To analyse the popular genres, i.e. to answer the two main questions for genre distribution, I filtered out genres with fewer than 8 movies, i.e. the value for the 2Q as shown with .describe()
.
To get an idea of the trends for the different genres by year added, a barplot provides a good overview esp. with hue
argument specified for genre. Grouping the filtered df by genre and adding a column with the total sum of movies of each genre added every year and then filtering for the max values provide a way to plot the popular genres per year.
To see how different genres are represented within Netflix's catalog, subset relevant columns, add a proportion column and plot with hue and size representing genres and proportions respectively. Given the low numbers for years earlier than 2014 and after 2020, those values can be filtered out so proportions are clearer.
When comparing the last two plots it's evident that while some genres didn't get as many movies added on specific years, they might represent a large proportion of additions for that year, as is the case of thrillers in 2019 or classic movies in 2019-2020. This provides a 'yes' answer to the question whether Netflix has been expanding genres. However, as expected, only certain genres become better represented in different years and the genres accumulating additions in the last years remain the same in the past years. This can be better appreciated by plotting the total count of movies added for genres with the max number of movies added per year. Overall, only five genres represent the max number of movies added since 2014.
After checking the distribution of means with describe()
, the df can be filtered for genres with avgs between 2Q and 3Q values, e.g. 25. A faceted barplot with year for columns shows the influx of movies from different genres each year, displaying a more balanced distribution in the last years.

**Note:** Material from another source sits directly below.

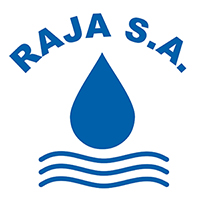 RAJA Constanța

In order to get more detailed observations and explore global tendencies in geographical representation in movies added to Netflix's library, all countries were grouped by continent. Since this grouping is not included in the database the AWOC library was included and used to incorporate the info to the df.
Once the data was cleaned and properly filtered,the dataset includes observations on 11 variables but the df to analize subsets them down to a df with only the necessary (year_added,country).
To analize distribution per continent, a new df was built by matching awoc info with the netflix dataset. A countplot shows that the total number of movies added per contient varies between just and .
Comparing with the corresponding averages per continent, representation seems to shift the order for least represented continents (Oceania and South America) but the divide between these and North America is still wide.To take a closer look at distribution by continent, a boxplot shows that better represented continents not only include movies from a greater number of nationalities but also the individual number of additions per country is greater in most cases.
A boxenplot summarising stats per decade for movies released the past 80 years makes trends in movie duration overtime much clearer.
Boxes decreasing in size for Netflix data of movies released each decade show how values for movie duration are spread out so that starting with the centerline (the median) the firt two boxes contain 50% of the data. The next two extending smaller boxes contain 25% and so on.
For instance, data for movies released between the 40s and 60s seem to be more evenly distributed than the rest such that almost all of the movies duration in these decades varies between the first 2Qs boundaries (repreented by the boxes horizontal edges). However, comparing the IQR for each decade even a first glance it's evident that the overall number of movies in Netflix catalogue which were originally released in those decades is quite small so data from those decades should probably be filtered out from the general data set and individually analysed.